Aim of the exercise >> Please restate every line below exactly, without any pictures.

(Image-caption web data)
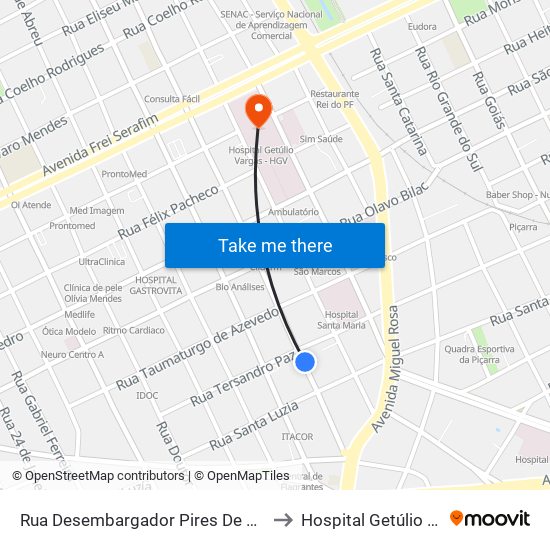 Rua Desembargador Pires De Castro, 725 | Semduh to Hospital Getúlio Vargas - Hgv map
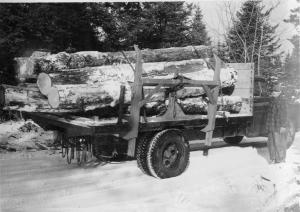 Logging truck in 1950s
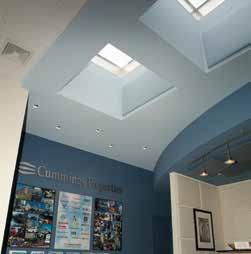 (2) CAP dome skylights with clear over clear acrylic How commercial skylights improve spaces Offices, manufacturing and distribution centers Natural light can boost energy up to 24 percent, according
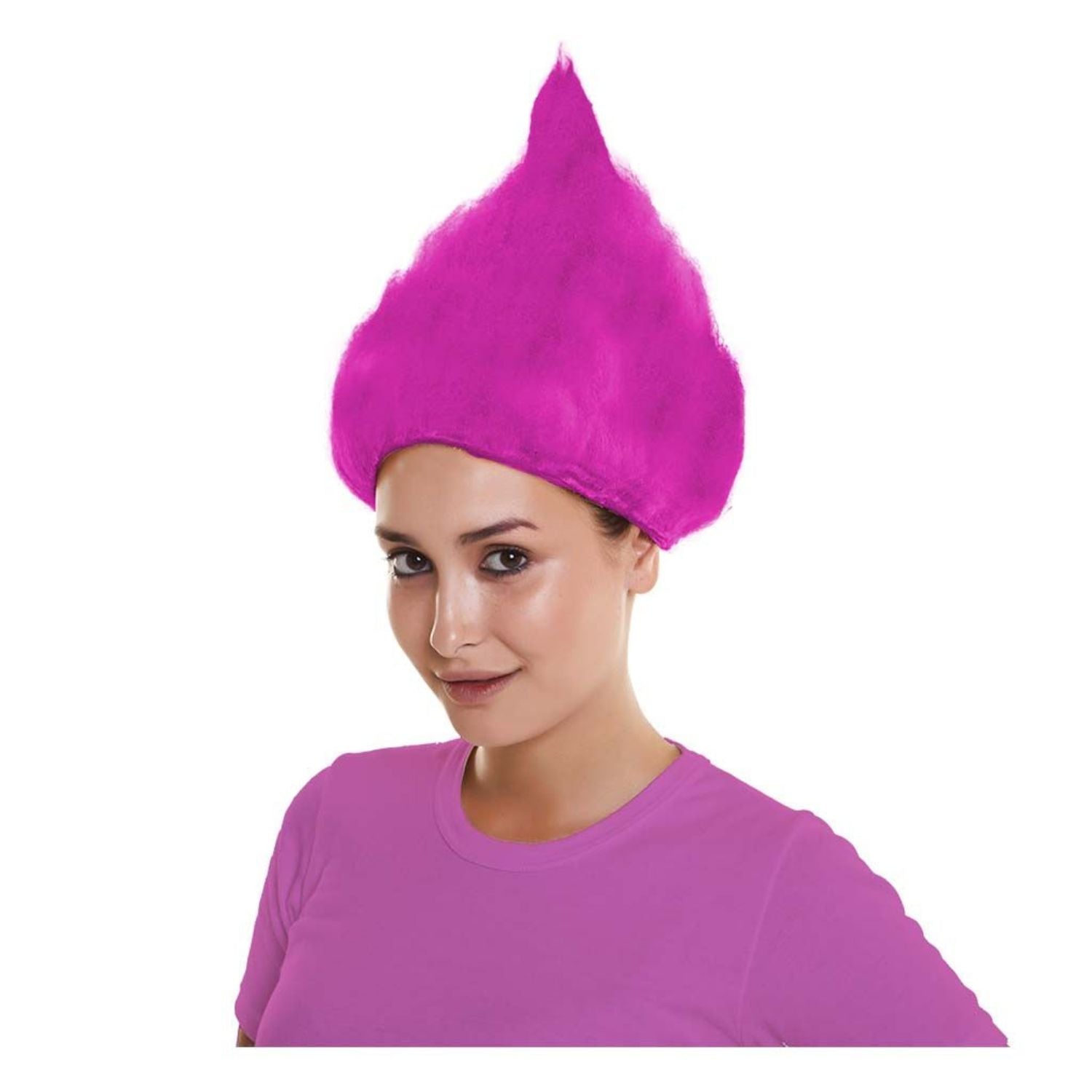 Peluca rosa alta estilo troll para disfraz divertido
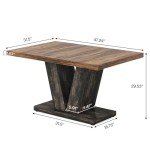 Tribesigns 47-Inch Dining Table for 4, Black Kitchen Dinner Table with Heavy Duty Pedestal, Farmhouse Wooden Eating Table for Home, Dining Room, Small Space, Black & Brown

Result >>
 Rua Desembargador Pires De Castro, 725 | Semduh to Hospital Getúlio Vargas - Hgv map
 Logging truck in 1950s
 (2) CAP dome skylights with clear over clear acrylic How commercial skylights improve spaces Offices, manufacturing and distribution centers Natural light can boost energy up to 24 percent, according
 Peluca rosa alta estilo troll para disfraz divertido
 Tribesigns 47-Inch Dining Table for 4, Black Kitchen Dinner Table with Heavy Duty Pedestal, Farmhouse Wooden Eating Table for Home, Dining Room, Small Space, Black & Brown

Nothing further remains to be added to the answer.